Cradle’s ambitions are big. Preferably, it makes those ambitions come true from Europe, but Prins does not know whether that will succeed. “In America and China, the government supports and accelerates industry winners. We do that much less in Europe. It is often said that we are already doing very well, but that is theater. Yes, maybe if you focus on a few good numbers, but just many more unicorns are coming out of the US.”

Prins believes this could change if governments supported companies more. “By saying: if it succeeds, we will be your first big customer. Moreover, universities here often pull far too big trousers, and we have to pull out all the stops to defend the 30% rule for expats. The figures clearly show that expats provide the Netherlands much more than they cost. Scandalous, if you ask me.”

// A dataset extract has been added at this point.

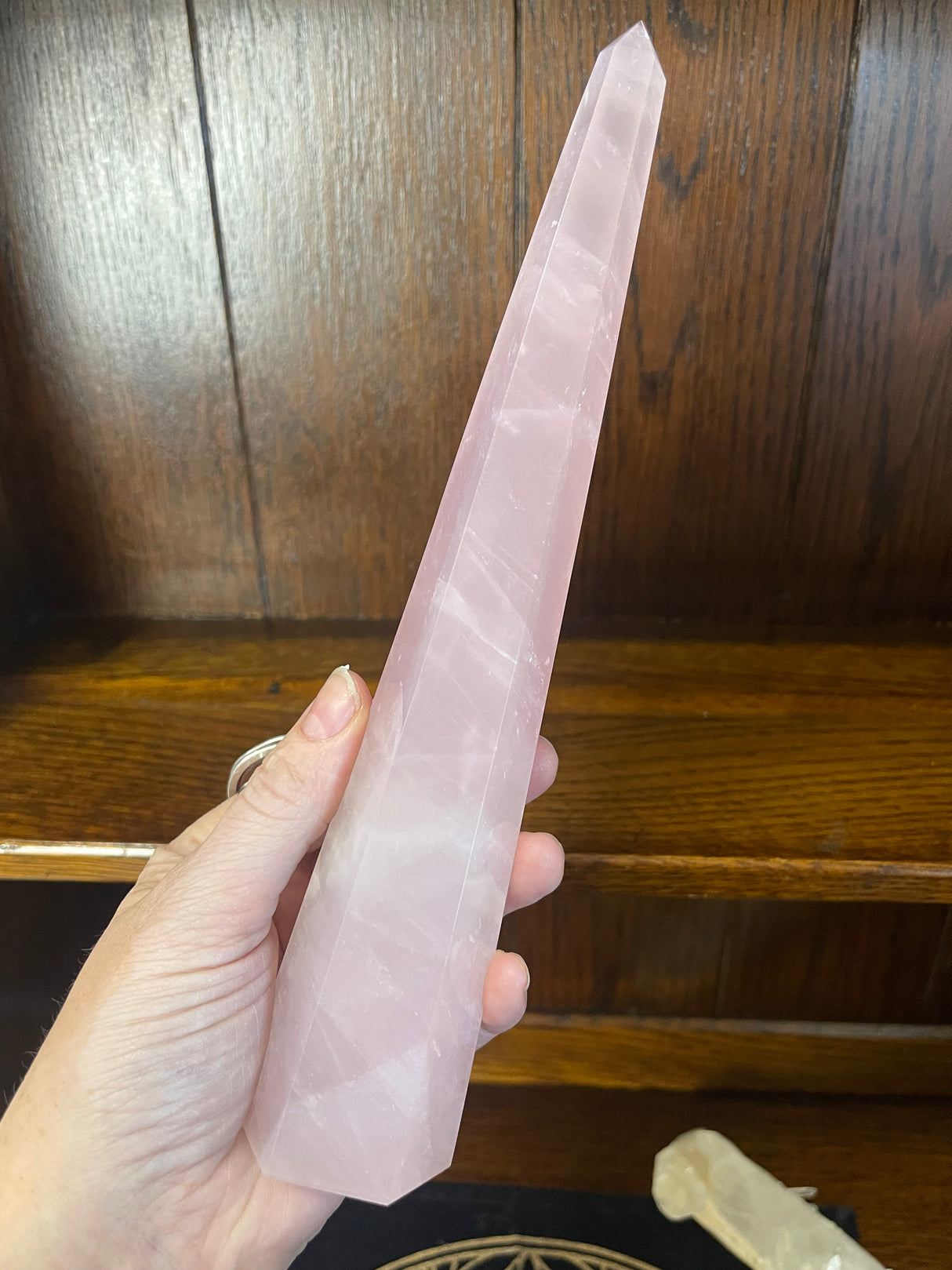 Rose Quartz Tower 24cm - 468g - “I radiate love, beauty, confidence and grace”.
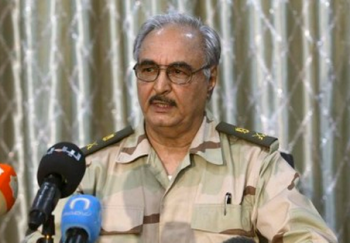 General Khalifa Haftar speaking to reporters photo/screenshot of video coverage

Fingerspitzengefühl for new technology

Prins’ involvement with Cradle is hard to call coincidental. He has a Fingerspitzengefühl for when technology is ready to make an impact. “Where does that come from? No idea. My mother is an aerobics instructor, and his father a rheumatologist, so it’s not like I grew up with it.” But for as long as he can remember, he’s enjoyed thinking about how technologies come together. In the next two years, he expects an explosion of robots. In his bag is a pair of glasses with a little camera. “Those aren’t ready for the masses yet, but I’m buying them to imagine how it will change the world.”

The most important lesson he has learned so far is twofold. One: He learned more from a year of entrepreneurship than from years of studying. “You don’t build a network. Gaining experience at different companies, startups, and agencies is much more educational. It’s that accumulation of experiences that allows you to make better decisions with more intuition.”

Two: It is essential to work with people who are so good that they intimidate you. “It’s enjoyable to be the smartest in a room, but you don’t learn a fuck from it. At Cradle, plenty of people are walking around who I think are brilliant. Although objectively, I know it’s unnecessary, I constantly suffer from imposter syndrome. But that shouldn’t stop you from not doing something. It’s precisely outside that comfort zone that you can accomplish things. Besides that, as long as you immerse yourself in something, you can quickly get to a level where you become a little dangerous.”